Some time back around 2010 I was getting desperate. I hadn’t worked in two years and chronic depression had settled in, seeming it might never go away. Dana and I were still relatively newly married and I wondered why she even stuck around.
One morning my mom called and explained a potential opportunity with a family that owned one of those elder care businesses with several satellite offices across Arkansas. They needed two people for their Mountain Home office and they needed them soon. I drove up a few days later and they offered us the job on the spot. The emotions were mixed. The money would be a relief but leaving “home” never felt right. I made the decision that we’d make the move despite gut feelings that said it was wrong.
Time passed. Not only were the owners downright tyrants, they were an emotional bunch who lived out most aspects of their lives without discretion. Husband and wife arguments right there in the office, the kind of family dynamics that have no business in the workplace. These people were mean. Mean and depression don’t mix well. Dana and I were miserable at new depths.
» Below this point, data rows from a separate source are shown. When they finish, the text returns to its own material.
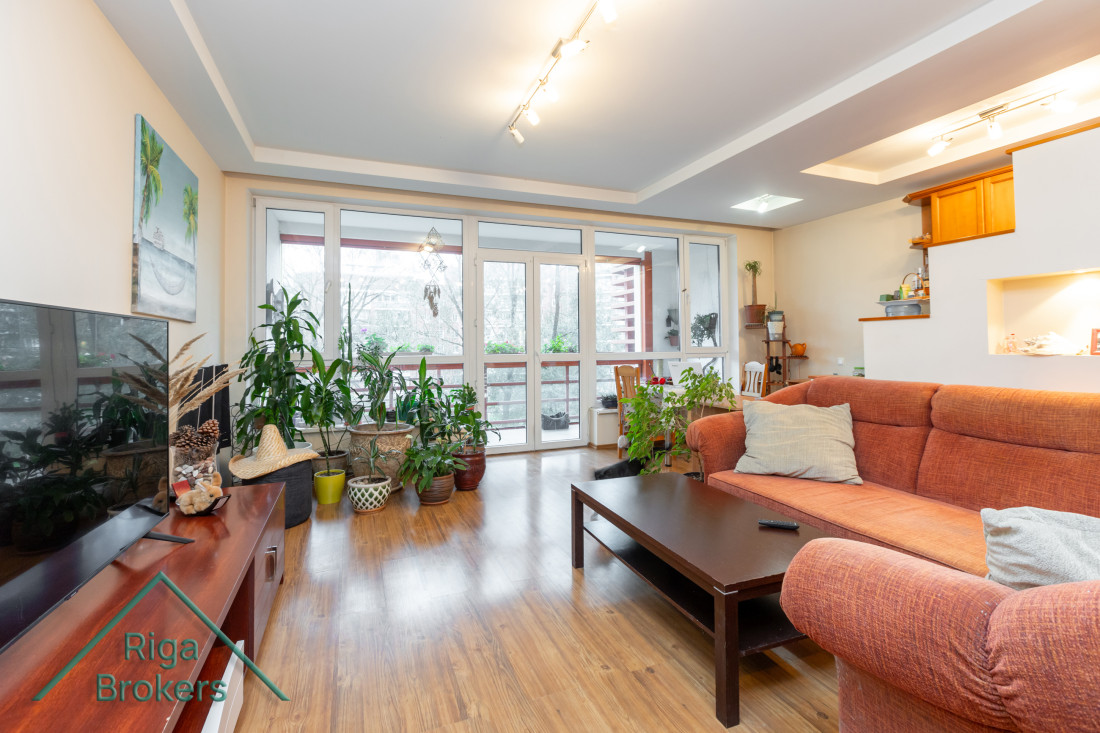 Living room with plants and large windows.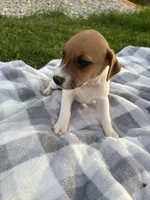 Jasper , a male Jack Russell Terrier for sale in Princeton, MO – 4 of 5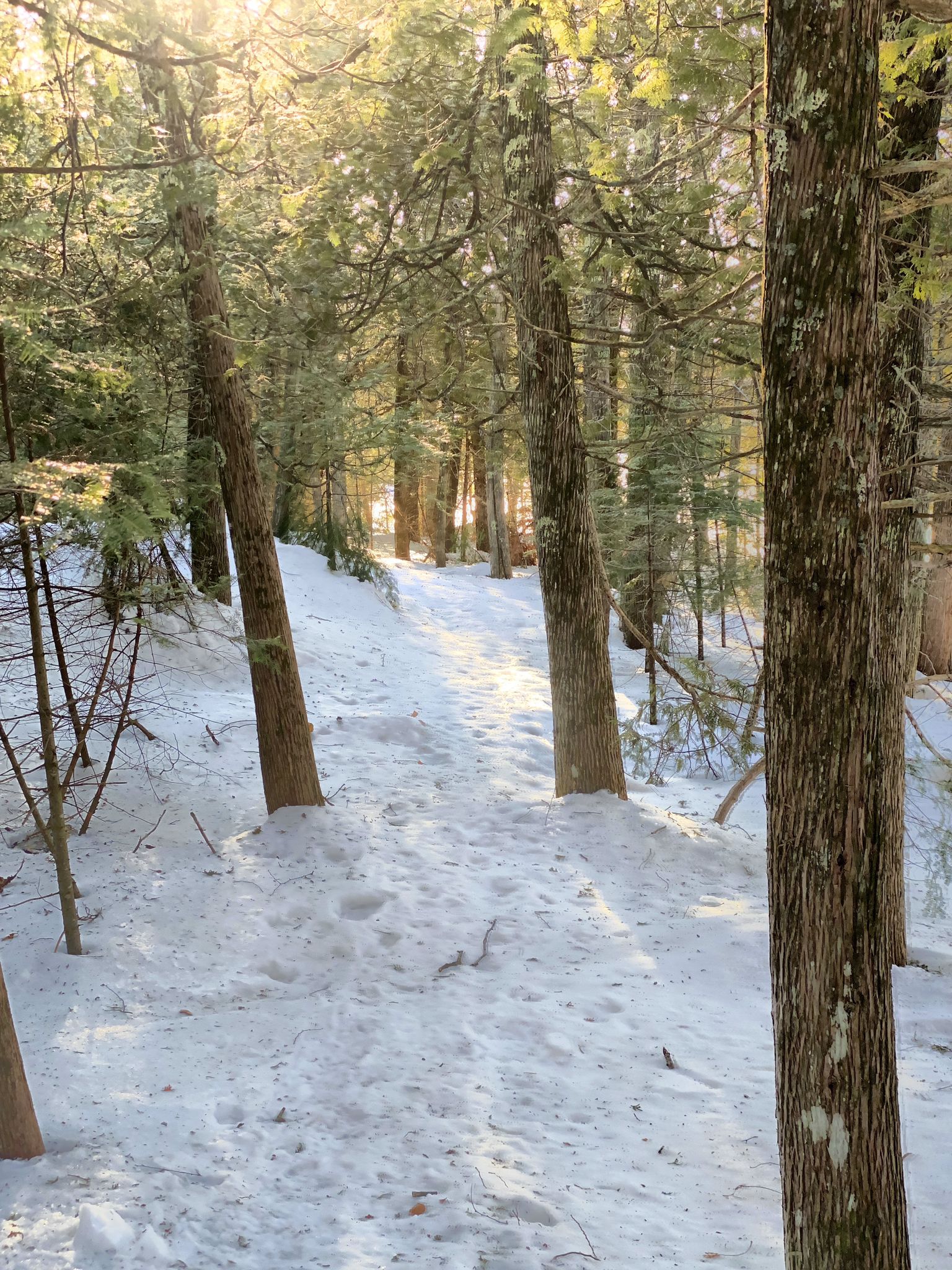 Sunlight filters through tall trees onto a snow-covered forest path. - Matt Willis and Beaver Bog Trail Loop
And I felt completely trapped.
We’d made the move, though we’d not sold our house back home, and the money paid the bills. We weren’t being a burden to anyone, but the work experience made us so physically sick we came home every weekend, happy to spend time back in our house with no more than a couple of lawn chairs and a blow-up couch. One Monday morning before we made the three-hour drive back to work I had a complete spiritual meltdown, one of the lowest moments of my life.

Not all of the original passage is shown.